I (the plaintiff,) endorsed the note (No. 1,) for $325 on the day of the date of this certificate. I also endorsed the note (No. 2,) for $292.61, and I made myself liable for the note (No. 3,) for $250, which was negotiated upon this letter of credit, pinned to the note, and which was returned to me when I took up the note:

"LITTLE RIVER, April 3, 1871.

MR. A. W. STEELE: —

Dear Sir: Mr. Pipkin is on his way to Fayetteville to get some more of the one thousand dollars agreed on when we were down. You can make the arrangement with him for $250, and take his note as the other is taken. You will please look at the first note, and draw this one by it, and I will be down this week, and will endorse it.

Yours truly, (Signed) W. B. SURLES."

I indorsed two of the notes, made myself liable for the third, and paid the whole.

Lewis Pipkin was lunatic in 1871.

Cross-examined: E. J. Pipkin, John W. Pipkin and John Brantley, under the firm of Brantley Pipkin, cultivated the lands of Lewis Pipkin in 1870. They likewise cultivated the same year, land of Col. A. S. McNeill. I made advances of money to them to enable them to raise that crop, and there were, in payment of advances, 65 bales of cotton delivered to me. At the time these 65 bales were delivered to me, a portion of the crop was still ungathered, or unginned, which subsequently made 16 bales. These 16 bales were claimed to be withheld by E. J. Pipkin, as rent due Lewis Pipkin, and John W. Pipkin refused to surrender them, E. J. Pipkin, saying that as agent of his father, he contended for these 16 bales as rent of his father's land, due from Brantley Pipkin. *Page 517

Here the articles of agreement, made between W. B. Surles and Brantley Pipkin, dated the 11th of January, 1870, were read in evidence by the plaintiff. It is therein stipulated that W. B. Surles was to furnish as called for, $3,000, to enable Brantley Pipkin to plant and cultivate 150 acres in cotton in the year 1870. Brantley Pipkin were to cultivate that quantity of land in cotton, and deliver the cotton to that value of W. B. Surles; he to do the ginning for the toll of one-fifteenth and the seed. In default of delivering the cotton, they were to deliver ten mules to meet the indebtedness, which was to be settled by the 1st of January, 1871. A lien was also given to the full extent of the crop. Performance on both sides was secured in a penalty of $6,000.

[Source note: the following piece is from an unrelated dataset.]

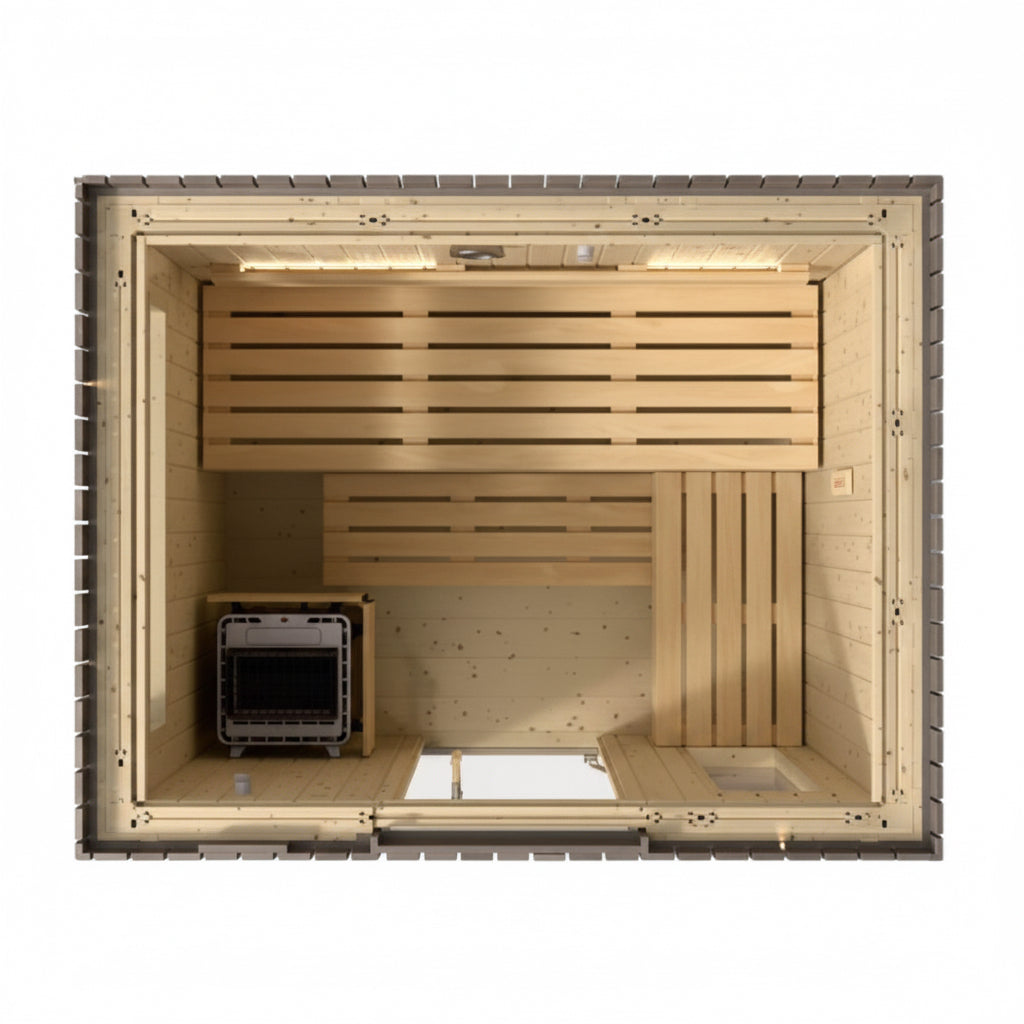 Kohler C2™ Luxury Outdoor Sauna — Weathered Gray Spruce Cabin with FERO Heater (3–6 Person)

W. B. Surles' direct examination resumed: Under the articles of agreement, I advanced to Brantley Pipkin, between $4,200, and $4,400; and then assigned my interest in the contract to J. A. Pemberton, who paid me for my advances, and who made further advances to the firm. W. D. Smith also made advances to the firm in fertilizers. The aggregate value of the advances made by myself, Pemberton and Smith, was between $6,800, and $7,000.

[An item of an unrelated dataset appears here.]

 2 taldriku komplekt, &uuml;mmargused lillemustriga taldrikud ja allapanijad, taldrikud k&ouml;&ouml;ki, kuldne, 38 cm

In 1871, the farm was carried on by E. J. Pipkin for the benefit of the estate of his father. John W. Pipkin was not concerned in the management that year. When they refused to surrender the sixteen bales of cotton, I went to Harnett court-house, in behalf of J. A. Pemberton, to institute legal proceedings for the recovery of the cotton. While the bond for claim and delivery was being filled up, I mentioned to John W. Pipkin, that I had offered to his brother, E. J. Pipkin, to indorse to the amount of $1,000, for the benefit of the estate, to enable them to start a crop, and that then they could get along by mortgaging the crop. He asked if I would do that still, and upon my assenting, he assured me the sixteen bales would be given up to Pemberton by E. J. Pipkin. *Page 518 The sixteen bales were accordingly given up, and went like the sixty-five bales, towards paying the advances made by myself, Pemberton and Smith.